Directions for this task
Could you return only the lines that run from the line with "Feast of Ascension" through the final line of the data, exactly as they stand?
(Task data begins)
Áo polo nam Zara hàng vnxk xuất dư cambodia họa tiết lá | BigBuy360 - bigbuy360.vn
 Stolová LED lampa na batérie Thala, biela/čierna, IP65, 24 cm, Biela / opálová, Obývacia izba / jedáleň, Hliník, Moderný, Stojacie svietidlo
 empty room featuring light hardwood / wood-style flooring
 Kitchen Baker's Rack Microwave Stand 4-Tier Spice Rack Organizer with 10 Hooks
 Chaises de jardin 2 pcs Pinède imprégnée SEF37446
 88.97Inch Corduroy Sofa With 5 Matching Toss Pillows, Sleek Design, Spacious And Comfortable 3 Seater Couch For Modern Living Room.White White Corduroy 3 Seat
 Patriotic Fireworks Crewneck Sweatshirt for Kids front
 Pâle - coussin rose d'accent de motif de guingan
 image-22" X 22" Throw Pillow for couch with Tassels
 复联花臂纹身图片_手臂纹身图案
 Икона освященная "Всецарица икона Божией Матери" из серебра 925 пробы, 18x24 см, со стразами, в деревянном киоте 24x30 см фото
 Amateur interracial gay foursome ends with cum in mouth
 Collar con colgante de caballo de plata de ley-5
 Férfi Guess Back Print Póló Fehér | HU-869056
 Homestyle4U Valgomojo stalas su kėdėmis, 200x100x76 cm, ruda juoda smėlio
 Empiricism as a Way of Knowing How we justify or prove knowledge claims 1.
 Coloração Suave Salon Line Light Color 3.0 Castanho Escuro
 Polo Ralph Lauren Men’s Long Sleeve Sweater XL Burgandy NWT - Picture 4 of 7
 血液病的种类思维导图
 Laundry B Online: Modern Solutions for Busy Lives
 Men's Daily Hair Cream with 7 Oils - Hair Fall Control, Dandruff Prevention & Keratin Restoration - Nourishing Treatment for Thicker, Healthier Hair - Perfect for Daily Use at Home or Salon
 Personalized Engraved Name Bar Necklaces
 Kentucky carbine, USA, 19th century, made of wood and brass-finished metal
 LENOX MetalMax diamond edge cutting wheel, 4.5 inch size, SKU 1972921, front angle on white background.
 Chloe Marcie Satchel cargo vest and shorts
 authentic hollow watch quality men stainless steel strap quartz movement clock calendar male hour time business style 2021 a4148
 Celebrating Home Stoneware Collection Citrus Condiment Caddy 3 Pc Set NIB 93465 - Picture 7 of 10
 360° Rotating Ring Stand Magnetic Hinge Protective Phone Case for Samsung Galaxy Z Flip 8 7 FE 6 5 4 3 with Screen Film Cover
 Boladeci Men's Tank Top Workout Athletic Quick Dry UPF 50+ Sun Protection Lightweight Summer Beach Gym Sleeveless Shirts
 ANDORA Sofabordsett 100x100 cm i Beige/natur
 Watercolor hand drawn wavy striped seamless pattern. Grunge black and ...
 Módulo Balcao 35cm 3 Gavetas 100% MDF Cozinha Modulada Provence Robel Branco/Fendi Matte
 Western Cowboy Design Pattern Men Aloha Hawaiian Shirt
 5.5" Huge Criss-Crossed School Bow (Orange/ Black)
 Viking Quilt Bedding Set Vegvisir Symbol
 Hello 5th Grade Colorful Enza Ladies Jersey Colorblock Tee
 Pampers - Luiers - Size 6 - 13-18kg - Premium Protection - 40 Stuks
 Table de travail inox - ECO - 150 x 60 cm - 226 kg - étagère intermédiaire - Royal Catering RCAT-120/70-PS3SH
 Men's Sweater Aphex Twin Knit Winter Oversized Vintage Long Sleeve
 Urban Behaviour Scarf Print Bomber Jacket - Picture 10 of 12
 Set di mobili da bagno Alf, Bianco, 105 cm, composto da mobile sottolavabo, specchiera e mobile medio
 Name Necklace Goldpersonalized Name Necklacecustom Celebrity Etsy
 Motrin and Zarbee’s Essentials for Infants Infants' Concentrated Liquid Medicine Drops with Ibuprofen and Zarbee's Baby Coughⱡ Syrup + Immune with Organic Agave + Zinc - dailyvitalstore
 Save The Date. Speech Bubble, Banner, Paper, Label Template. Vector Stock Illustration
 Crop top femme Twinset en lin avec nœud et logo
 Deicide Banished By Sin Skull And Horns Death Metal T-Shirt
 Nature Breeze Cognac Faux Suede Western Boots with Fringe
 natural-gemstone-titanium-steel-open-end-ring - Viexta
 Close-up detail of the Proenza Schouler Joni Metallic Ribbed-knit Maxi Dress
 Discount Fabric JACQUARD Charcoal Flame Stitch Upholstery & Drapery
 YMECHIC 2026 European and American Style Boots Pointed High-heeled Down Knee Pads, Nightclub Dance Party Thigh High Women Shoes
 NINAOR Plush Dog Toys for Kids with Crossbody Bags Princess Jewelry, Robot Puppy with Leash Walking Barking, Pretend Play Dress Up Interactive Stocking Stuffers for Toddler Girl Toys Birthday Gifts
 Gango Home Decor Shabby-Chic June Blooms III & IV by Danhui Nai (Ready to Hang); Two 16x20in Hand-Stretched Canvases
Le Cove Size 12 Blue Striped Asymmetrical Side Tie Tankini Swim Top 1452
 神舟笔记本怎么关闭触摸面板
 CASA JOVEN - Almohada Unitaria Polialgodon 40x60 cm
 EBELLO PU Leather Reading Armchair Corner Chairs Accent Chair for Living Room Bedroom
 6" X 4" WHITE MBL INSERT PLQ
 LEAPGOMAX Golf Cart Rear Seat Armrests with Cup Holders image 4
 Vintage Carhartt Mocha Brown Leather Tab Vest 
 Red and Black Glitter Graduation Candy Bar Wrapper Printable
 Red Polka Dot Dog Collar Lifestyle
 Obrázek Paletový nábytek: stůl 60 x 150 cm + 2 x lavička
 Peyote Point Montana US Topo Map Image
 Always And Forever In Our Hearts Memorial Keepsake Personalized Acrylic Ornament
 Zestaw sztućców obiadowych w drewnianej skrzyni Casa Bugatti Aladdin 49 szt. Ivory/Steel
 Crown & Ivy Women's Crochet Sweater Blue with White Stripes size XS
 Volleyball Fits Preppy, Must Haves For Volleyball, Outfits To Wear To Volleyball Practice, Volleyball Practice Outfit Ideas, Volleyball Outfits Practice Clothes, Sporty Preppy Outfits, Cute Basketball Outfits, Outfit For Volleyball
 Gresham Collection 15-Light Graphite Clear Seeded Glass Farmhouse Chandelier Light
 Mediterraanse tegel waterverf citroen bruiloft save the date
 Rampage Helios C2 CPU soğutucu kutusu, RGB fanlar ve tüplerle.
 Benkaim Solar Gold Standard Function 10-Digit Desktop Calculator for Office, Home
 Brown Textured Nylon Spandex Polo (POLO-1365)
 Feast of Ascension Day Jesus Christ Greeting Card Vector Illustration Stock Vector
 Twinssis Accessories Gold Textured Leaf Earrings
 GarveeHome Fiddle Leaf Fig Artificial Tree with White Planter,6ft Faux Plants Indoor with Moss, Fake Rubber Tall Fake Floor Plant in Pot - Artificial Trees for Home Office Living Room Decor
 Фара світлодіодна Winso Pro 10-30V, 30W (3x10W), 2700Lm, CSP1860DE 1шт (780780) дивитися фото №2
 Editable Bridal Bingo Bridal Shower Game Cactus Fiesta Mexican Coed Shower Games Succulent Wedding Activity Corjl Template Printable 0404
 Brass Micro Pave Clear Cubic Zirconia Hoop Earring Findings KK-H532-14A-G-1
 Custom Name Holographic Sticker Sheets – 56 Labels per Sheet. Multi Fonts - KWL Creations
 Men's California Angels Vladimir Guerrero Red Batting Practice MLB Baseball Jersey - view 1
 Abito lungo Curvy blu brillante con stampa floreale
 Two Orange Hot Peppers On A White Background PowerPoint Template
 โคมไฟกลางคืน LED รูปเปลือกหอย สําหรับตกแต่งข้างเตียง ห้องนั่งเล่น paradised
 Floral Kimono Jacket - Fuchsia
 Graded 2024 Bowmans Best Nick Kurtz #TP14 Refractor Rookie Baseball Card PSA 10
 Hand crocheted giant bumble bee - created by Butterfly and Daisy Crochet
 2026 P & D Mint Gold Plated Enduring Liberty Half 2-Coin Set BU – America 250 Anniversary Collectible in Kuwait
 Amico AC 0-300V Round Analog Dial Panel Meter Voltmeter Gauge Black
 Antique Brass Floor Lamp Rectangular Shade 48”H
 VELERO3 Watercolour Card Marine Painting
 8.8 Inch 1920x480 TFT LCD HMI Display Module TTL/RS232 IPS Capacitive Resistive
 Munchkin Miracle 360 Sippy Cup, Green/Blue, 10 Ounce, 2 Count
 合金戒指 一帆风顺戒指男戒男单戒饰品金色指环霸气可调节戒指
(Task data ends)
Solution
 Feast of Ascension Day Jesus Christ Greeting Card Vector Illustration Stock Vector
 Twinssis Accessories Gold Textured Leaf Earrings
 GarveeHome Fiddle Leaf Fig Artificial Tree with White Planter,6ft Faux Plants Indoor with Moss, Fake Rubber Tall Fake Floor Plant in Pot - Artificial Trees for Home Office Living Room Decor
 Фара світлодіодна Winso Pro 10-30V, 30W (3x10W), 2700Lm, CSP1860DE 1шт (780780) дивитися фото №2
 Editable Bridal Bingo Bridal Shower Game Cactus Fiesta Mexican Coed Shower Games Succulent Wedding Activity Corjl Template Printable 0404
 Brass Micro Pave Clear Cubic Zirconia Hoop Earring Findings KK-H532-14A-G-1
 Custom Name Holographic Sticker Sheets – 56 Labels per Sheet. Multi Fonts - KWL Creations
 Men's California Angels Vladimir Guerrero Red Batting Practice MLB Baseball Jersey - view 1
 Abito lungo Curvy blu brillante con stampa floreale
 Two Orange Hot Peppers On A White Background PowerPoint Template
 โคมไฟกลางคืน LED รูปเปลือกหอย สําหรับตกแต่งข้างเตียง ห้องนั่งเล่น paradised
 Floral Kimono Jacket - Fuchsia
 Graded 2024 Bowmans Best Nick Kurtz #TP14 Refractor Rookie Baseball Card PSA 10
 Hand crocheted giant bumble bee - created by Butterfly and Daisy Crochet
 2026 P & D Mint Gold Plated Enduring Liberty Half 2-Coin Set BU – America 250 Anniversary Collectible in Kuwait
 Amico AC 0-300V Round Analog Dial Panel Meter Voltmeter Gauge Black
 Antique Brass Floor Lamp Rectangular Shade 48”H
 VELERO3 Watercolour Card Marine Painting
 8.8 Inch 1920x480 TFT LCD HMI Display Module TTL/RS232 IPS Capacitive Resistive
 Munchkin Miracle 360 Sippy Cup, Green/Blue, 10 Ounce, 2 Count
 合金戒指 一帆风顺戒指男戒男单戒饰品金色指环霸气可调节戒指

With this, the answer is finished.